Although there is a thriller plot to this book, you need to like computers to enjoy this. The Avogadro Corp basically runs most the on-line applications (webmail) and searches on the Internet. Basically, it really reminds me of Google. The CEO of the corporation is even a Russian wonderkid.
The corporation has developed an on-line application for email that basically searches other peoples email so you can write winning proposals. Although sounding far fetched, its probably something Google could do today. Take a email addressed to a gmail account, search the recipients gmail and then make suggestions based on that search. Frightening but doable. The story goes a little SCI FI when the application starts to take over the entire internet and starts ordering people to do things like arm floating server farmers with automated missiles and machine guns. It gets even more far fetched by the end. It does give you an idea of the massive scale that firms like Google have to handle web traffic throughout the world.
So in summary long on techno facts and thin on plot, but still enjoyable if you like books about computers taking over the world. Sort of surprise ending which I won't give away here.
Sure (from audible) but I would have infinity low expectations - As an IT geek I found this story light on underlying technology and high on magic in the wires. Wires that became intelligent without any advances in science and/or Einstein type involvement in AI programming.
Adam Sandler & Jim Carrey playing mindless programmers or college students who stole & copied code from IBM's Dr. Watson. Then the supercomputer named Dr. Watson would take over the world.
This is somewhat of a crowded genre, especially with some of the movies out recently, but the author does a great job of making the creation of an AI very believeable while at the same time keeping up the excitement level as each phase of the AI's evolution unfolds.
I wouldn't say that this was my favorite story about the singularity but this was definitely a very cool take on it. This pulled together many established ideas as to what the evolution of artificial intelligence will become, but has a unique twist. The ending is especially cool, which doesn't happen enough it seems. I would agree with some of the other reviews as far as the nature of some characters being bland. However, I feel like this book is extremely entertaining and satisfies that "singularity itch" many of us have. Definitely worth the $12.
The portrayal of Avogadro felt very similar to Google, at least when I was working there.

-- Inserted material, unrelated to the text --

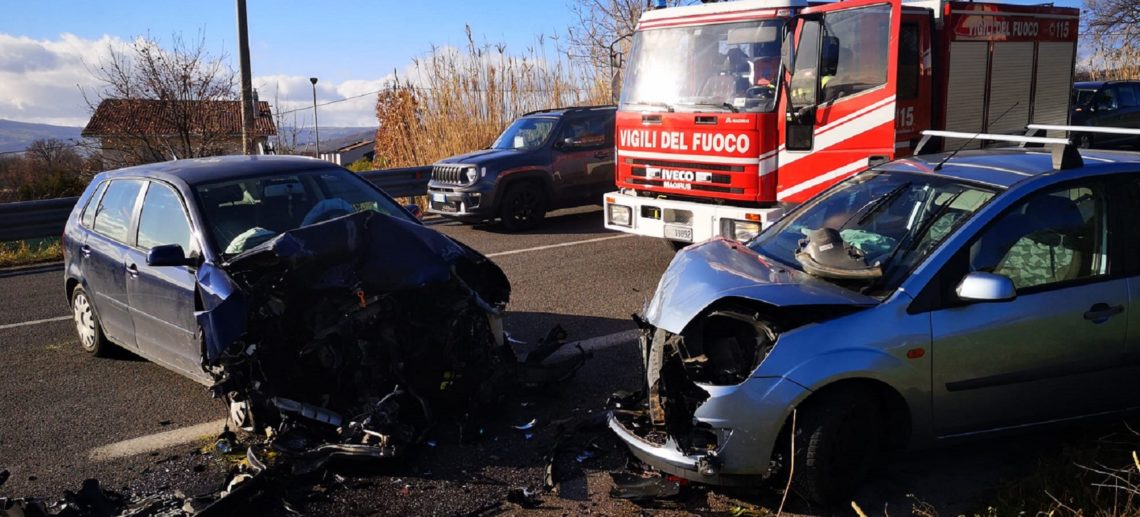 Incidente tra due auto alle porte della città: una persona trasportata in codice  rosso in ospedale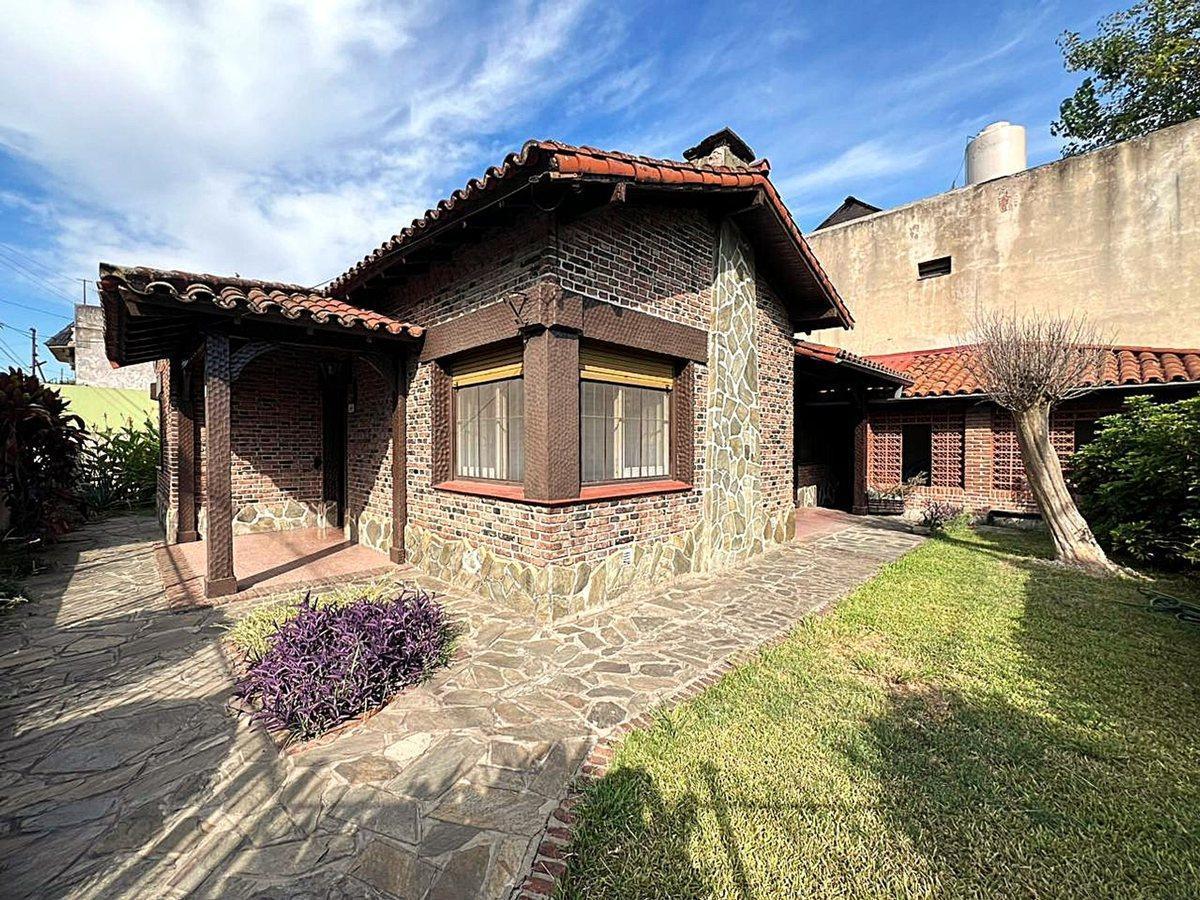 Foto de PH tipo casa de cuatro ambientes en San Andrés, imagen 1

Do not expect the traditional child learning about humans kind of artificial intelligence that we normally see in sci-fi, which the more I think about it, the more realistic it feels.

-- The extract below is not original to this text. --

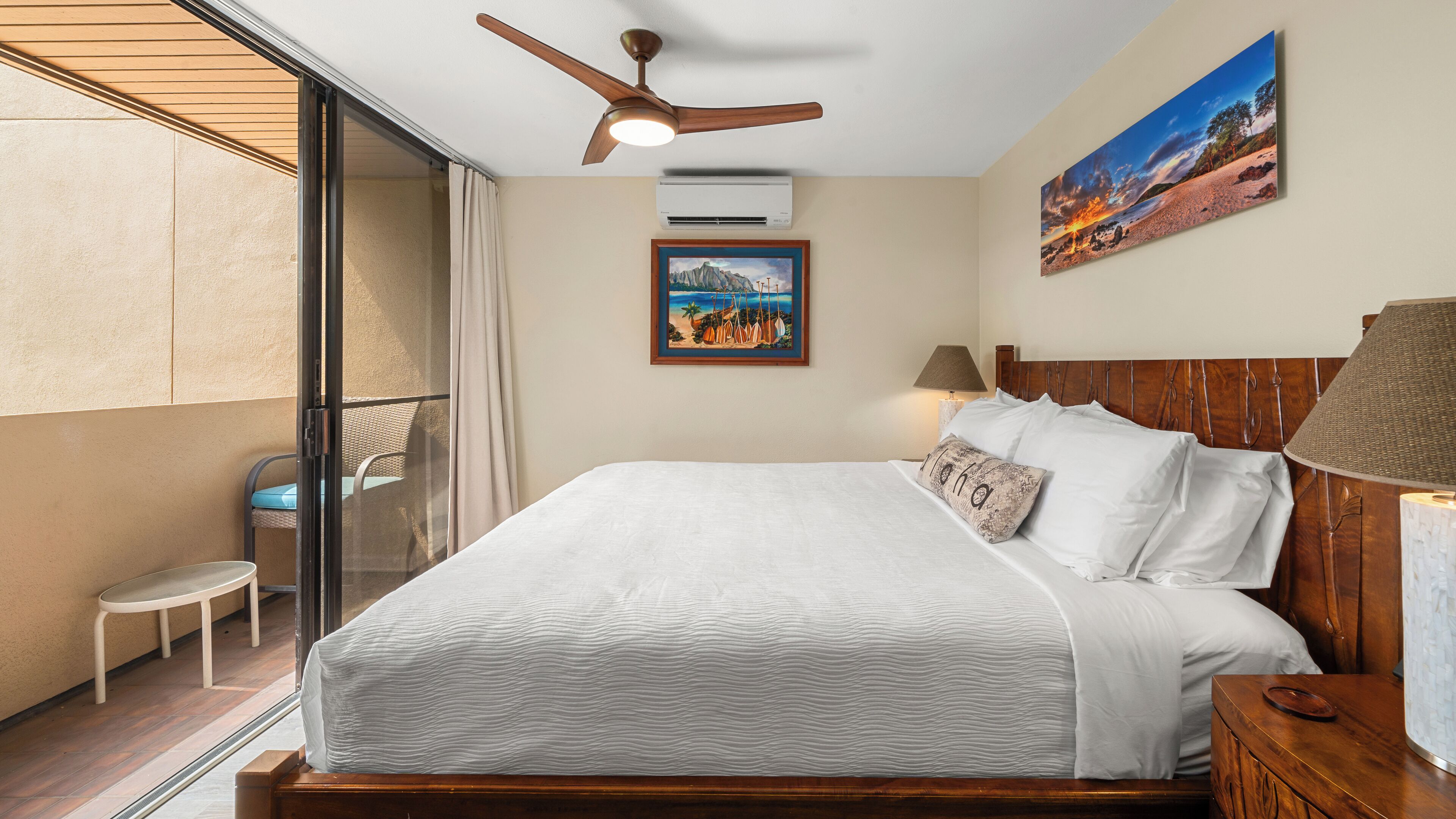 Iron/ironing board, travel crib, WiFi, bed sheets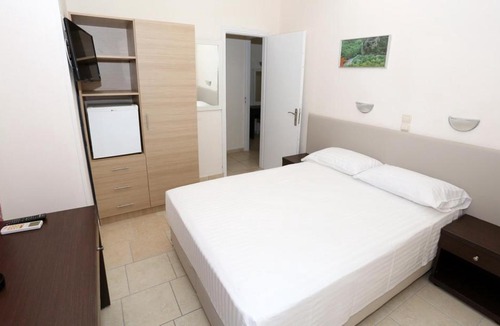Agia Marina Hotel | Hotel Karyatides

despite being a science fiction book, it's very plausible and somewhat convincing it'll be the real thing in few years from now. the alternate AI approach seems legit. the plot is compelling and the end is well knotted
I like to read while I listen. I bought the trilogy in both versions but the two versions don't match. Why would you sell as a bundle with obviously different editions of the book?
I wasted my money.
Avogadro develops on a shallow, single track course, building very, very slowly to the predictable end. It would have been exciting to someone reading it 10 or 15 years ago when much of its technology was unimaginable. Yet, I could have enjoyed it still, IF I had not first read Daemon and its sequels. Daemon is incredibly complex, fast-paced, and still way ahead of today's technology. This narrator would have made a great 911 operator or ER physician for his emotionless voice that communicated "Move along, folks, nothing to see here" calmness throughout, regardless of whether the characters were in a fight for their lives or ordering yet more rounds of coffee.

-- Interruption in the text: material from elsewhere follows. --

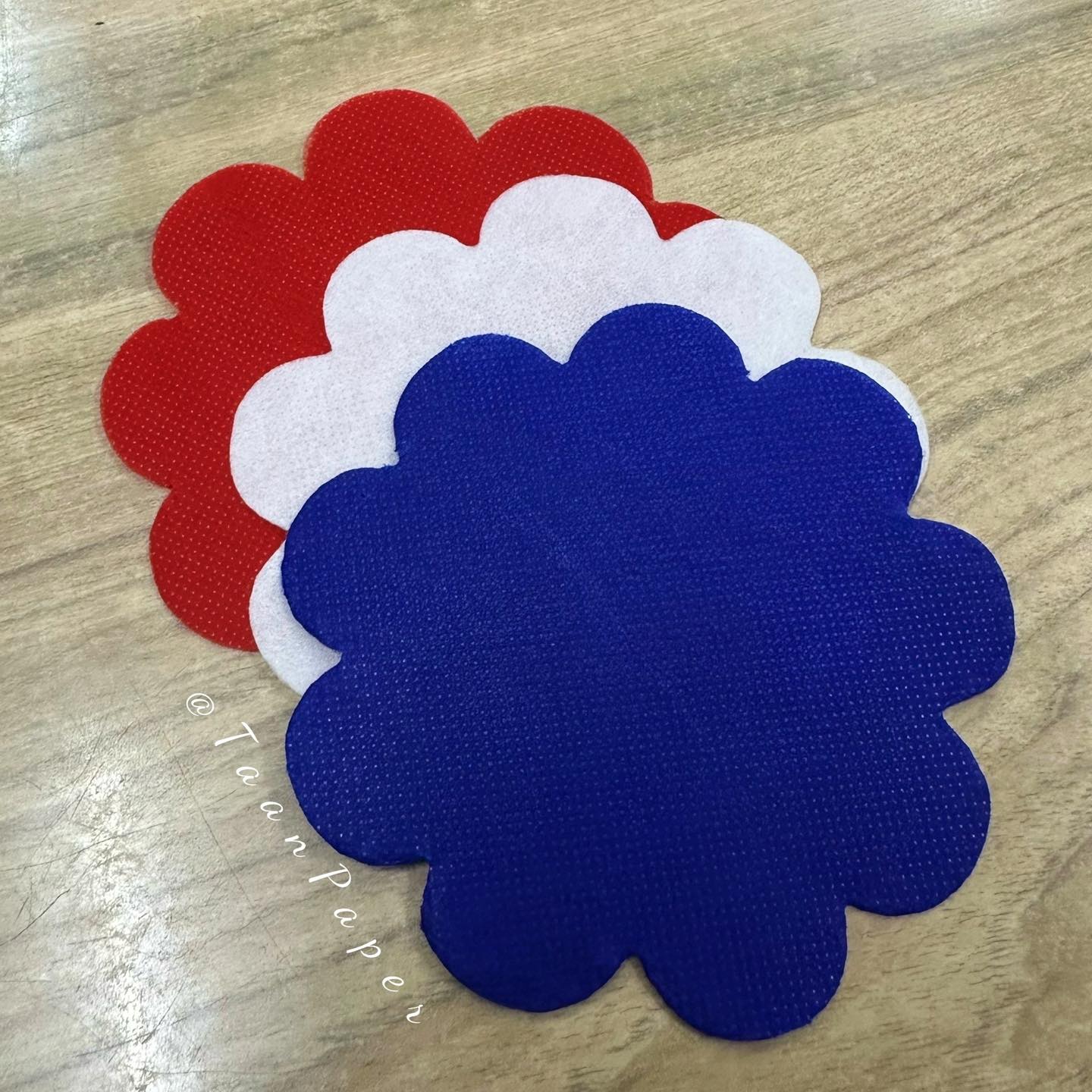 กระดาษห่อสาเหรียญ เซ็ทธงชาติไทย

The premise of the story was fascinating. But the execution left somewhat to be desired. Far more plot and character development was needed. I found it difficult to form a clear distinction between the two protagonists. The character of the accountant turned private investigator was especially one dimensional.
This work has the makings of a great story. Or even a great movie. It just needs a bit more polish, more details, and a higher dimensionality.
The narrator did a fairly decent job of distinguishing the characters. At times it was difficult to distinguish male from female characters, though.
A have to call into question the 5 star reviews. A book of quality simlar to Daemon by Suarev warrants 5 stars. If this book deserves 5 stars, Daemon deserves 20.
I'm not sure why this ended up on a must-read list of sci fi. I was really intrigued by the topic, but it wasn't executed well. I had no connection to, or concern for, any of the characters. I found that listening to it at 3x speed was the only way to plow through it.